空色・すくらんぶる 3 (ちゃおフラワーコミックス)

空色・すくらんぶる 3 (ちゃおフラワーコミックス)

連載:『ちゃお』(2002-2004年)
単行本:小学館ちゃおコミックス(2002-2004年) 全3巻


 『天使のはぴねす』の作者でもあるにしむらともこが『ちゃお』で描いた初期の代表作『すくらんぶる-b』の続編。同シリーズは他に番外編として『虹色☆すくらんぶる』『卒業☆すくらんぶる』がある。現在の作者は同誌にて『極上!!めちゃモテ委員長』を連載中(アニメ版も放映中)。
 主人公は、青琳学園中等部の生徒会長・二ノ宮空(そら)。活発・元気系少女である彼女が、先代の生徒会長にして彼氏でもある(現在高1の)日生帆志(ひなせ・ほし)から生徒会長職を引き継ぎ、学園を楽しく盛り上げることを目指しつつ、様々なトラブルに立ち向かっていく、という物語。
 空と帆志を中心とする主要メンバーは前作からの引き継ぎであり、最初から帆志が空の彼氏としてのポジションに落ち着いた状態で物語が始まる。一応、二人の間に割って入ろうとする新キャラも登場するが、二人共一途な性格のため、あまり恋愛方面でグダグダすることなく、読者としても安心して、純粋にテンポの良い学園ドラマとして楽しめる。
 物語構成としては、単行本の各巻がそれぞれ一つずつのエピソードになっている訳だが、最後の3巻では空が紅皇(こうおう)学園の生徒会長・神楽冬湖(かぐら・トーコ)が登場し、物語の序盤で彼女とテニス(空は帆志と組む形での混合ダブルス)で対決するエピソードが描かれる。
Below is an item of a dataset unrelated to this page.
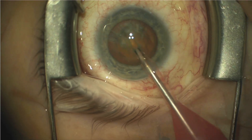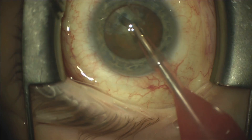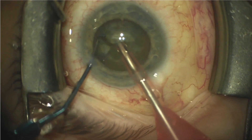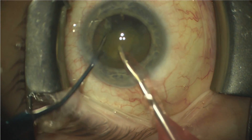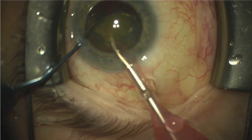This capsulorrhexis is about 3.5 to 4 mm in size. It's followed by hydrodissection and then a divide-and-conquer technique to remove the cataract. Since this is a smaller rhexis, there might be some difficulty removing the quadrants — I'm going to slow it down here to show you that. The first quadrant as it's coming out has to be redirected to the side and then brought above the anterior capsule.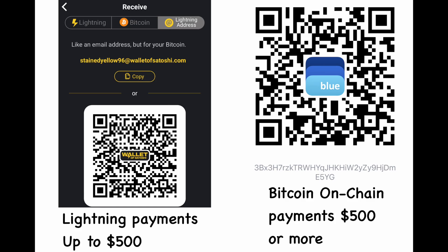For smaller payments up to $500, I recommend the Bitcoin Lightning Payment Network. For larger payments — $500 or more — I recommend using Bitcoin on-chain payments.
絵的には特筆すべき何かがある訳でもないし、物語上、別にテニスである必然性はあまり無いのだが、比較的丁寧に描かれている点は好感が持てる。
 もともと作者が学年誌出身ということもあるが、全体的にはやや児童漫画寄りの少女漫画というのが正直な印象。『うわさの姫子』を現代風にアレンジしたらこんなカンジになるのではなかろうか。新キャラの大半も、最初は敵対的オーラを出しながらも、なんだかんだで「いい人」に落ち着いているので、読後感も悪くない。個人的には、特にトーコがお気に入りかな。